Filter tiles based on `months` args

In [4]:
train_df_["month"] = train_df_["date"].apply(lambda x: str(x)[4:6])
if cfg["train_months"]:
    train_df_ = train_df_[train_df_["month"].isin(cfg["train_months"])
                         ].reset_index(drop=True)
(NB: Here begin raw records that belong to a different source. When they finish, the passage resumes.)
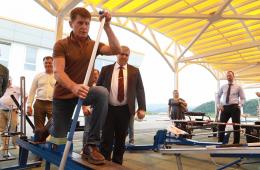 13.08.2021 ОЛЕГ КОЖЕМЯКО ОСМОТРЕЛ БАЗУ ДЛЯ ПОДГОТОВКИ ОЛИМПИЙЦЕВ В ПРИМОРЬЕ | Администрация муниципального округа город Партизанск Приморского края Официальный сайт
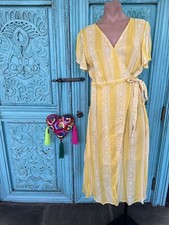 Chic Connection Sunshine Yellow Floral Print Gauzy Boho Wrap Midi Dress Sz LARGE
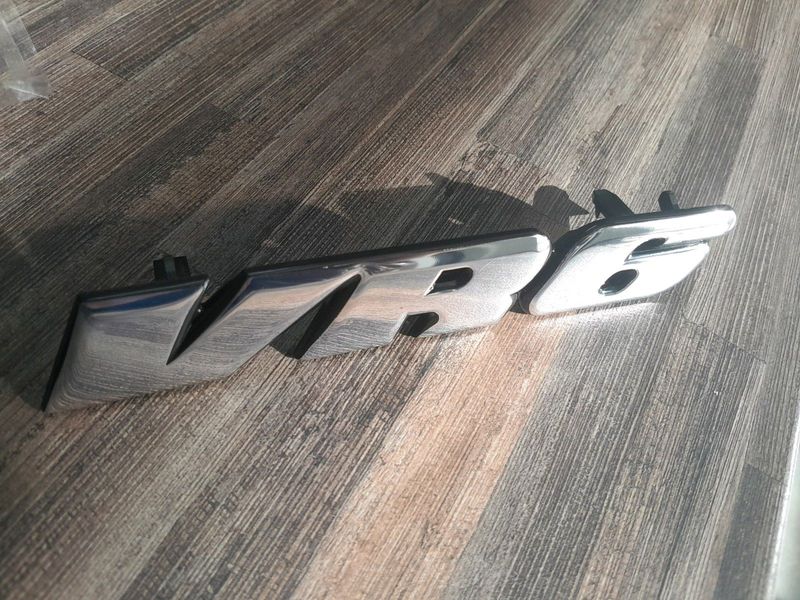 Vr6 grill badge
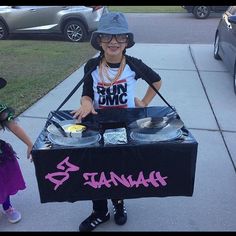 DIY DJ costume, DJ, Halloween Kids Costumes, Costume Ideas, Riding Helmets, Captain Hat, Dj, Halloween, Hats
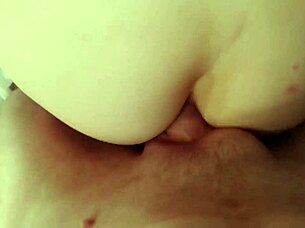 girl rides on first date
test_df["month"] = test_df["date"].apply(lambda x: str(x)[4:6])
if cfg["test_months"]:
    test_df = test_df[test_df["month"].isin(cfg["test_months"])].reset_index(
        drop=True)

train_df_.shape, test_df.shape

((2505750, 7), (155485, 7))

Filter tiles based on `non_nan_thr` and `fire_thr` args

In [5]:
train_df_ = train_df_[(train_df_["non_nan_pct"] > cfg["train_non_nan_thr"]) & (
    train_df_["fire_pct"] > cfg["train_fire_thr"])].reset_index(drop=True)
test_df = test_df[(test_df["non_nan_pct"] > cfg["test_non_nan_thr"]) & (test_df[
    "fire_pct"] > cfg["test_fire_thr"])].reset_index(drop=True)

train_df_.shape, test_df.shape

((2505750, 7), (155485, 7))

Sample train dataset's tile instances w.r.t fire and non-fire ratio. Keep all fire tiles (N) plus (`non_fire_ratio`\*N) of random additional non-fire tiles

In [6]:
train_fire_df = train_df_[train_df_["fire_pct"] > 0.0].reset_index(drop=True)
train_non_fire_df = train_df_[train_df_["fire_pct"] == 0.0].reset_index(
    drop=True)

train_df = pd.concat([train_fire_df, train_non_fire_df.sample(
    n=cfg["non_fire_ratio"]*len(train_fire_df), replace=False,
    random_state=cfg["random_state"]).reset_index(drop=True)]).reset_index(
    drop=True)

train_df = train_df.sample(frac=1, random_state=cfg["random_state"]
                          ).reset_index(drop=True)

train_df.shape

(3342, 7)

Save train and test dataframes to csv

In [7]:
output_dir = pathlib.Path(cfg["ds_version"])
if not output_dir.is_dir():
    output_dir.mkdir()
    pd.DataFrame.from_dict(cfg, orient='index').to_csv(pathlib.Path(
        output_dir, "config.csv"))

    train_df.to_csv(pathlib.Path(output_dir, "train_tiles.csv"), index=False)
    test_df.to_csv(pathlib.Path(output_dir, "test_tiles.csv"), index=False)

    print(f"Dataset directory {output_dir} created.")
else:
    print(f"Dataset directory {output_dir} already exists.")

Dataset directory dataset_v1 created.